The Lattice Noise Deformer (“latticeNoise”) is an existing Maya plugin that deforms a list of selected meshes based on random noise applied to a lattice circumscribing them. The objective of this project was to implement threading, vectorization, and Xeon Phi offloading to the main compute node to achieve a speedup compared to the existing serial plugin.

 

Vectorized Lattice Noise Deformer

I was not able to achieve scalable parallelization or offloading. I was able to achieve a roughly 10% speedup through serial optimization such as inlining commonly called functions and refactoring. I also achieved a roughly 20% speedup through SOA refactoring, cache alignment, and vectorization. All in all I was able to speed up the code 30% compared to the reference.

39 Sphere Test

Results

The main success I had with this project was vectorization. I was able to align all the knot arrays to a cache line each in the noise::atPointAndTime method. Combined with the __assume_aligned directive, I achieved a speedup of 20%. I did not attempt to parallelize this loop which computed the 255 splines as it required in order execution. Even if it was possible to refactor the code, I reasoned that my time would be better spent attempting to parallelize the main compute node loop (which looped over the lattice intersections).
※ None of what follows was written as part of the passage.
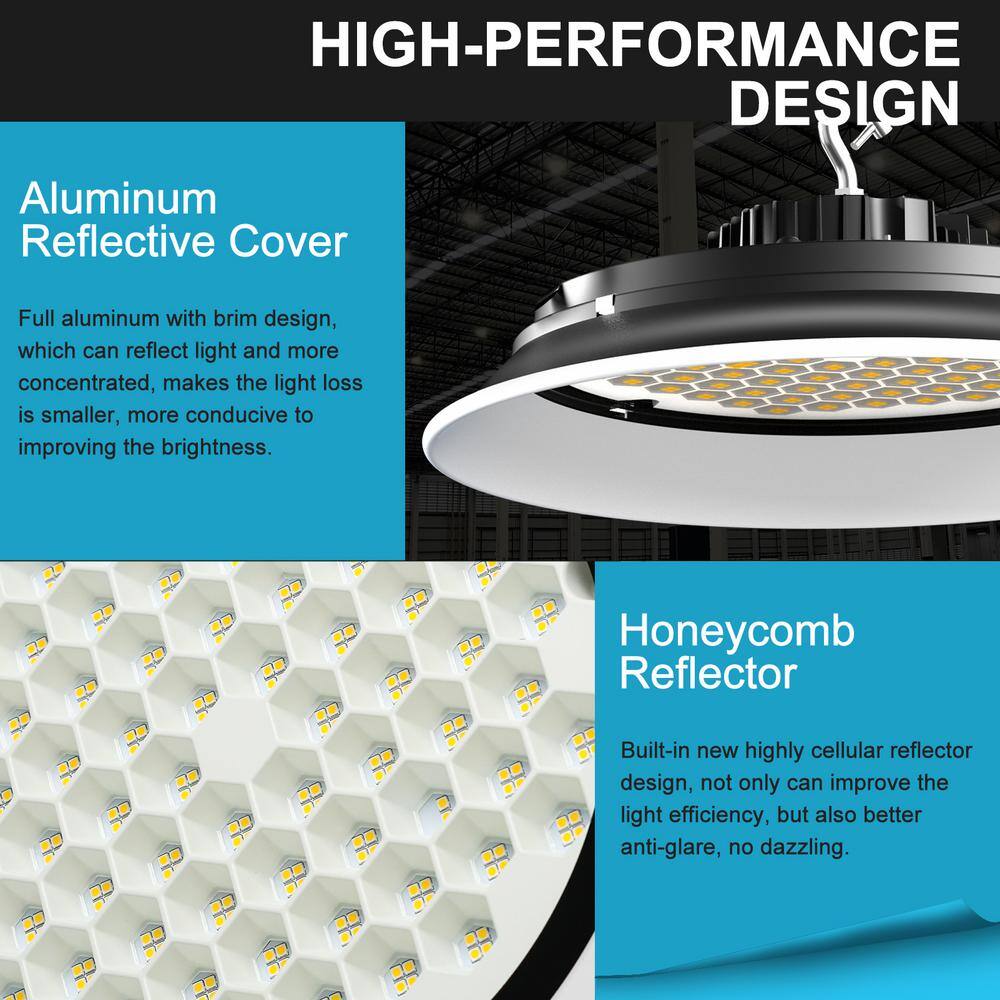 bulbeats 4Pack of 215W LED High Bay Light 32250LM High Bay LED Shop Lights AC100-277V Commercial Bay Lighting for Warehouse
Forcing vectorization in the compute node loop did not result in any speedup. I spent most of my time working on this project fruitlessly trying to parallelize the compute node loop for some degree of speedup.

Problems

One of the major setbacks I had with this project had to do with the MEL script. The script that came with the plug-in apparently did not call the compute node of the program - it instead called Maya API functions through MEL strings. This took some time to figure out, primarily because I did not know this could be done with Maya and the fact that the output was correct confused me. The obviously hampered my development because the code that I was writing was not actually being tested and resulted in much confusion. My lack of understanding of parts of the Maya API certainly exacerbated the problem.

585 Sphere test

The other major setback I had was the fact that I simply could not get the compute node to scale well when parallelized. In retrospect I may have been mistaken in my initial assumption that this was a good candidate for parallelization. I entered the project with no animation experience or knowledge of splines. What I did know from deconstructing the existing plugin was that there were 255 spline operations per iteration of the compute loop, and that each spline consisted of 34 floating point operations. With the default number of lattice intersections (20), we get 173400 total floating point operations for the compute node loop. This results in decent a arithmetic intensity value of 722.5.
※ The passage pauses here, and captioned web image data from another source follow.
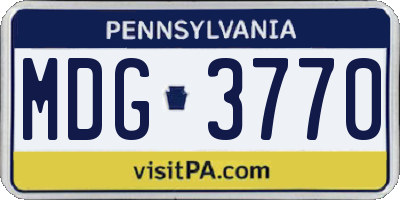 PA license plate MDG3770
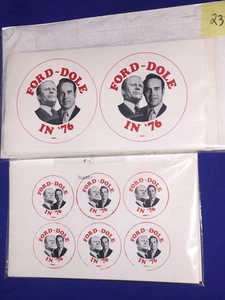 Gearld Ford - Dole Campaign Button Manufacturing Paper Sheet NOS Vintage Lot 143 pcs - Bild 1 von 1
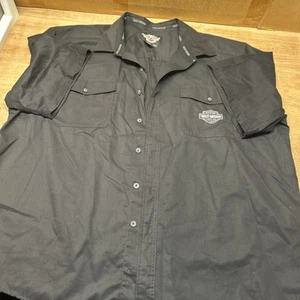 Harley Davidson Shirt Mens 3XL Black Embroidered Logo Pocket Biker Motorcycle - Picture 1 of 6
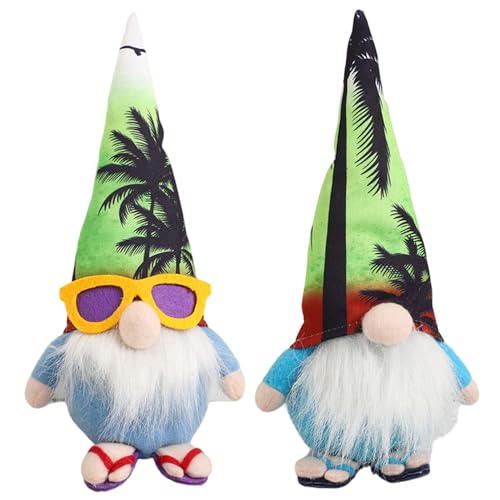 Hperu Beach GNOME 2pcs Sommer GNOME, 10 niedliche Plüsch Beach Gnom Sonnenbrille Zwergfiguren tragen Flip-Flops Hawaiianische Ornamente für Home Bauernhausdekor, Plüsch Gnomes von Hperu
AI = (numSplines * numFPperSpline * length * width * height) / (length * width * heigth * sizeOfTuple)

Of course, what I failed to see was that the above equation scales poorly with more data - it always results in a constant value ( O(1) ).
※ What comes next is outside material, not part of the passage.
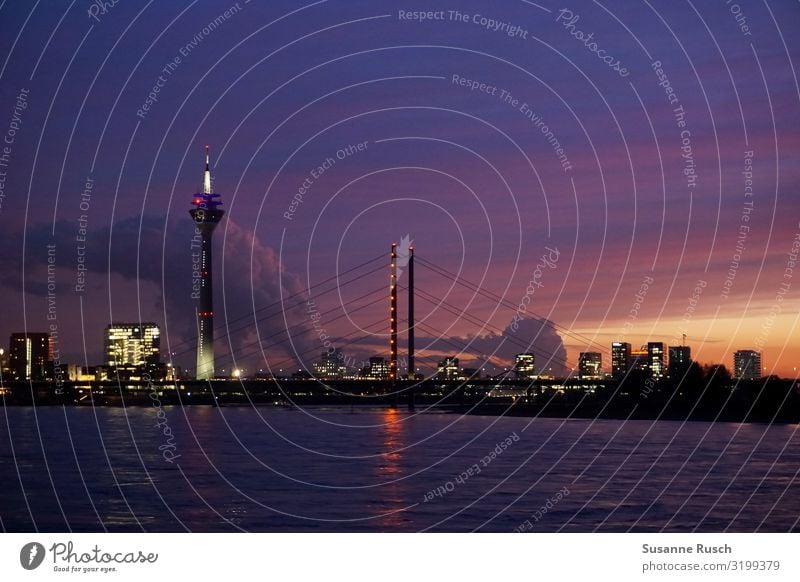 Night sky over Düsseldorf Lifestyle Luxury Vacation & Travel Tourism Sightseeing City trip Sunset River Duesseldorf Town Skyline Landmark Rheinturm Moody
One major folly that I had unconsciously The important factor would have actually been the granularity of the lattice. Even so, while raising the lattice granularity raises the number of computations to allow slightly better scalability, it does not increase arithmetic intensity by the very nature of the problem.

Dependency Graph

Conclusion

This was the one of the most difficult programming projects I have ever worked on. In retrospect, this project was an excellent case study of failure in parallelization and it was an excellent learning experience. I had spent twenty-eight hours overnight on campus in order to achieve a parallel speedup. In my desperation to make parallelization work, I was not lucidly analyze important matters related to parallelization. If I had to do this again, I would have chosen a project that I had some existing background understanding of (such as the n body problem) and that actually scaled well and had good arithmetic intensity. The fact that I had to switch my project objective to the Lattice Noise Deformer only 36 hours before the presentation caused me to neglect the rigorous analysis I would have done for the proposal. This was probably the most significant thing I will take away from this experience: that complexity and scalability analyses for parallelization projects should practically be required before truly starting them.